● Action item
In the records below, repeat word for word only the lines starting at the one that contains "Boxmeer office" and ending at the one that contains "Te koop: Foto", pictures excluded.

● Data shown
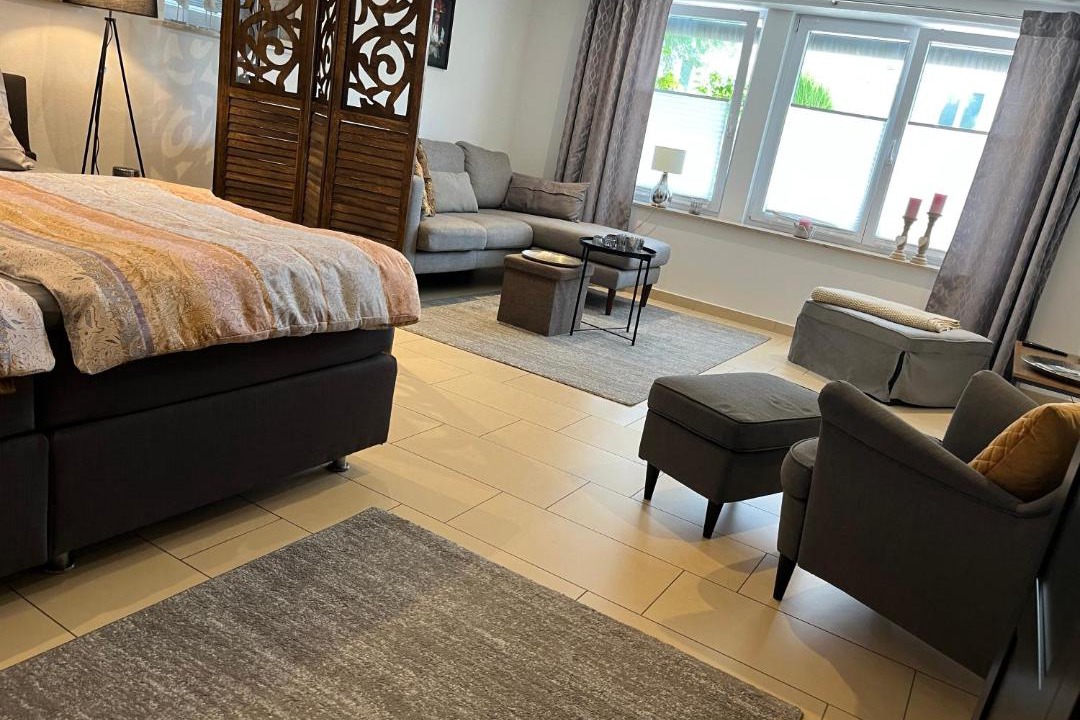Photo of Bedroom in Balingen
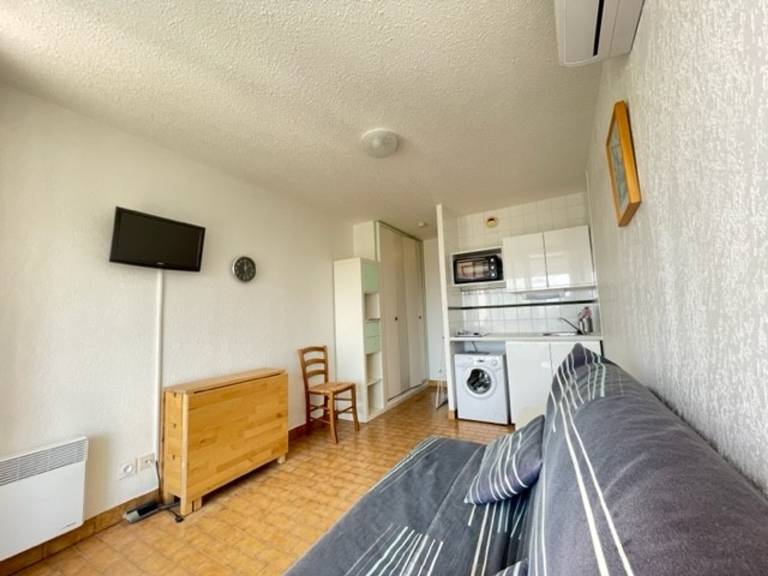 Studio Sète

* * *

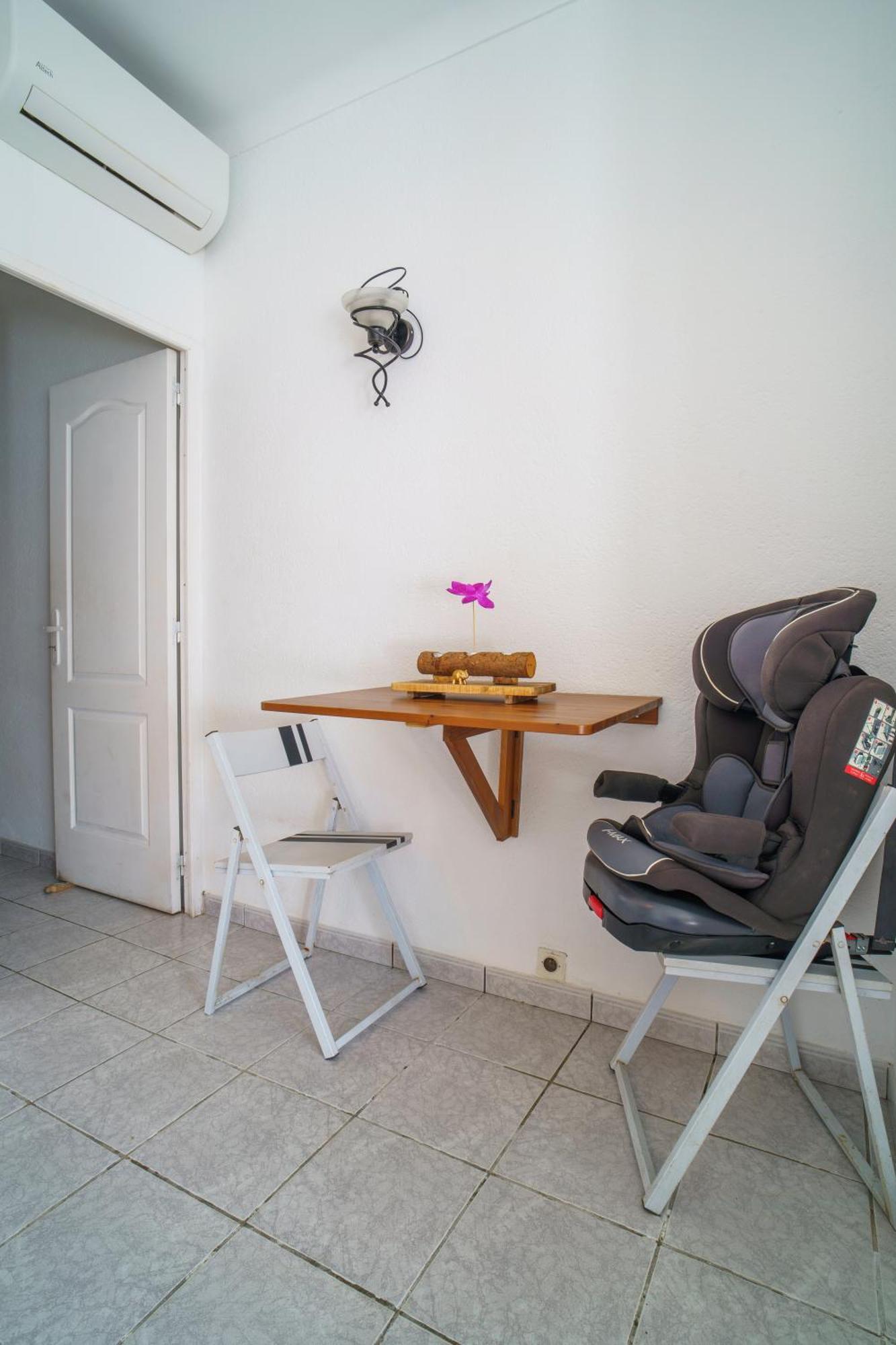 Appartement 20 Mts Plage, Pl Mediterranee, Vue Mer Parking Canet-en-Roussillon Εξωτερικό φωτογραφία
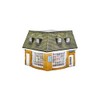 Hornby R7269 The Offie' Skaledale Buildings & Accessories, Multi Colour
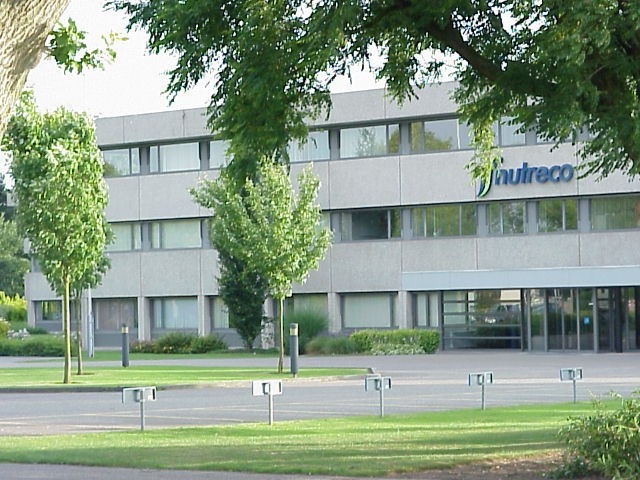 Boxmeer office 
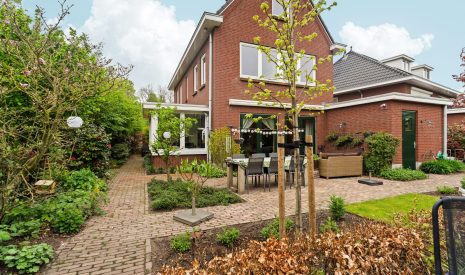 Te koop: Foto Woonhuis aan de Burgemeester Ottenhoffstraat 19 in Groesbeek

* * *

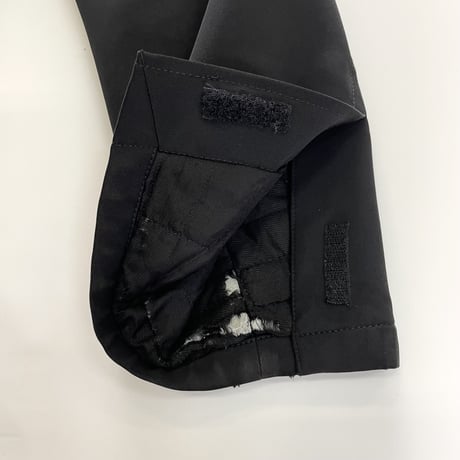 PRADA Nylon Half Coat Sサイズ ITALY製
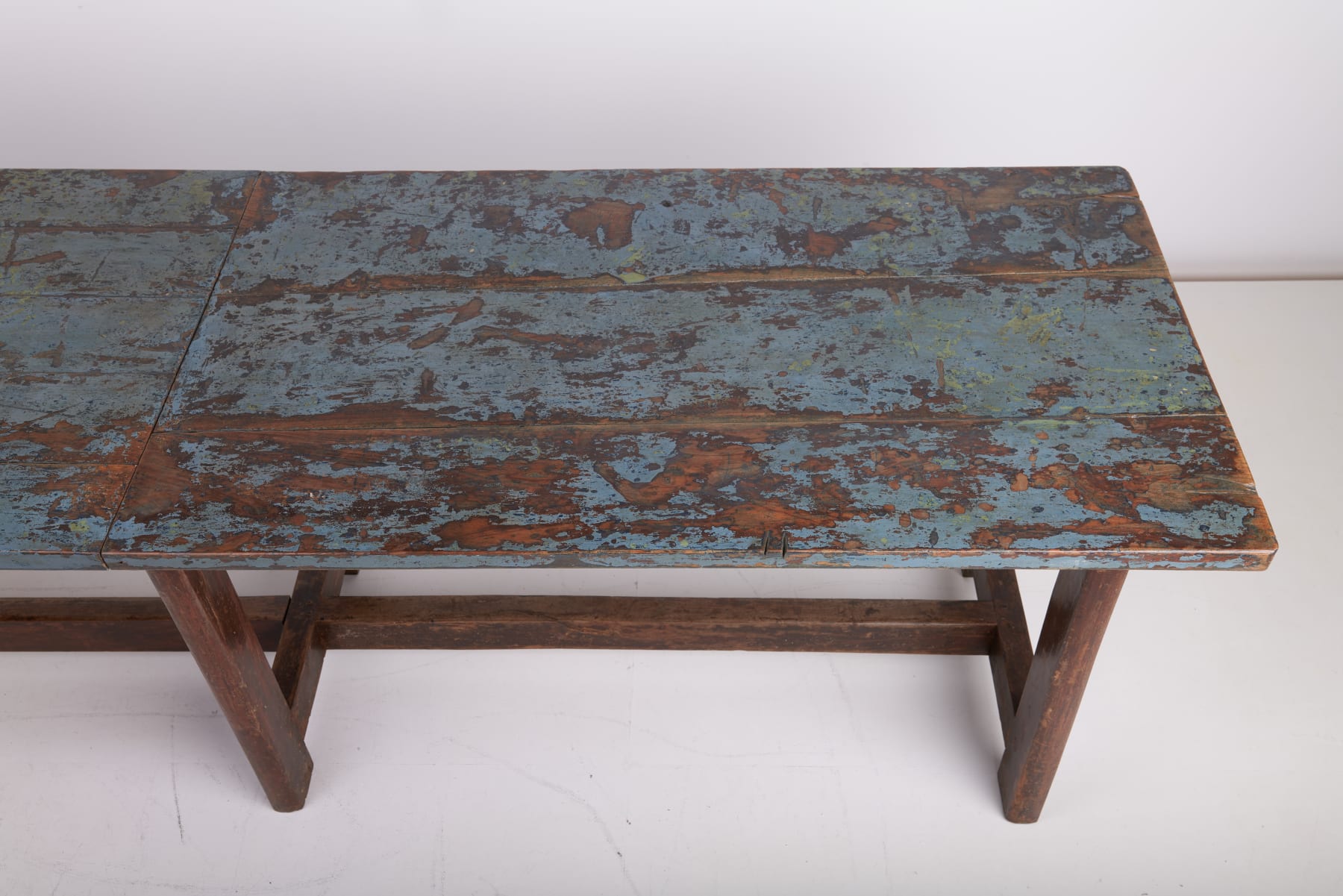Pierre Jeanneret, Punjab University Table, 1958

● Task output
 Boxmeer office 
 Te koop: Foto Woonhuis aan de Burgemeester Ottenhoffstraat 19 in Groesbeek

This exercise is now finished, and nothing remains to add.